C’est ce qu’affirme notre ami Thierry Spencer dans son excellent blog Sens du Client.

Il agrémente son post de quelques exemples parlants :

« Quand Amazon se lance dans le chat en visio avec un collaborateur et affiche (enfin) un visage, il faut y voir un mouvement vers l’émotion.
Quand votre assureur prend des nouvelles de votre maison qui a subi un dommage, il y a de l’émotion.
Quand un serveur dessine un smiley sur la note, n’avez-vous pas le sourire ?
Quand votre banquier vous souhaite votre anniversaire, n’est-ce pas une surprise ?
Quand un vendeur vous donne une recette de cuisine personnelle lorsque vous achetez un mixeur, comment appelle-t-on ça ?
Quand un conducteur de train fait une annonce humoristique, de quoi s’agit-il si ce n’est d’émotion ? »

Surtout, il s’appuie sur une étude de BVA : « En cas de bonne expérience avec un service client, 84% des Français se disent prêts à dépenser plus ou à être plus fidèle » (Source BVA).

Remarquons que dans cette étude, il est fait référence à « une bonne expérience » et pas à l’émotion.
Que Thierry se montre un peu lyrique en ce début d’année, c’est bien normal. Mais parler d’émotion est certainement un peu abstrait et surtout bien difficile à utiliser de façon opérationnelle.
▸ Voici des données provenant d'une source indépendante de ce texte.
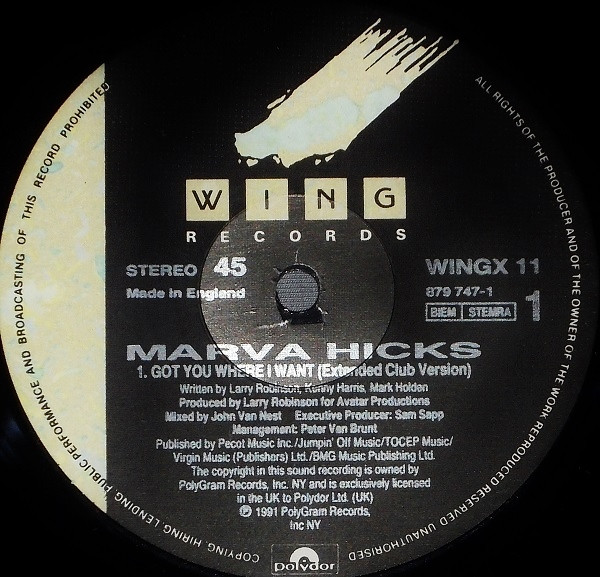 Marva Hicks - I Got You Where I Want | Wing Records (WINGX 11) - 2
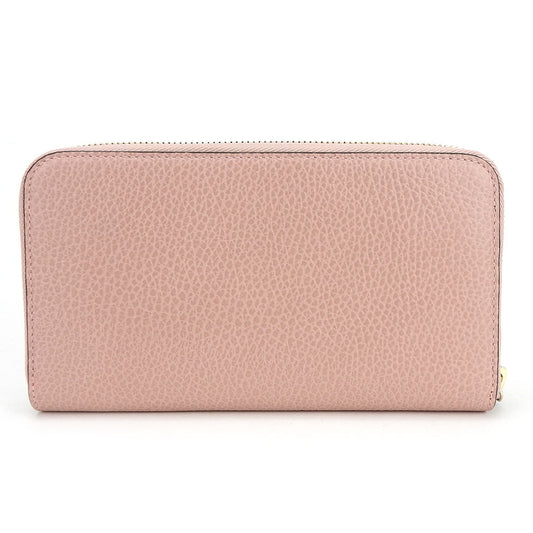 GUCCI Long Wallet Purse 449347 leather pink Interlocking Women Used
Nous avons mis au point une nouvelle vision de la Relation Client, que nous avons appelé « Capital Préférence© « . Nous avons construit un outil opérationnel, qui , pour être utilisable, part de ce que la marque peut influencer, et pas de ce que pourrait ressentir le consommateur. Notons que la préférence peut se créer effectivement à partir de la Relation Client, mais pas uniquement : le design, la logistique, le prix, jouent aussi un grand rôle. Mais c’est au dispositif de gestion de la Relation Client que nous nous intéressons.
Pour ce qui nous concerne, nous avons surtout voulu mettre à la disposition des marques un outil qui soit réellement utilisable et dont les résultats soient mesurables. Il est devenu urgent pour les marques, de contre-balancer l’argument financier qui pousse, en l’absence de données concrètes, à réduire les coûts et souvent, la qualité du service rendu. Et de détruire, souvent irrémédiablement, de la valeur.

Il s’agit de l’Empreinte Relation Client dont nous avons déjà parlé sur ce blog. Ses 10 indicateurs clés permettent de définir un plan d’actions et de le prioriser, puis, d’en mesurer les effets. Ainsi, la marque peut accroître son Capital Préférence©, ce qui, en toute logique, devrait améliorer sa part de marché. Car, si on peut douter que les consommateurs achètent ce qu’ils prescrivent (NPS), on peut être convaincu qu’ils essayent d’acheter ce qu’ils préfèrent.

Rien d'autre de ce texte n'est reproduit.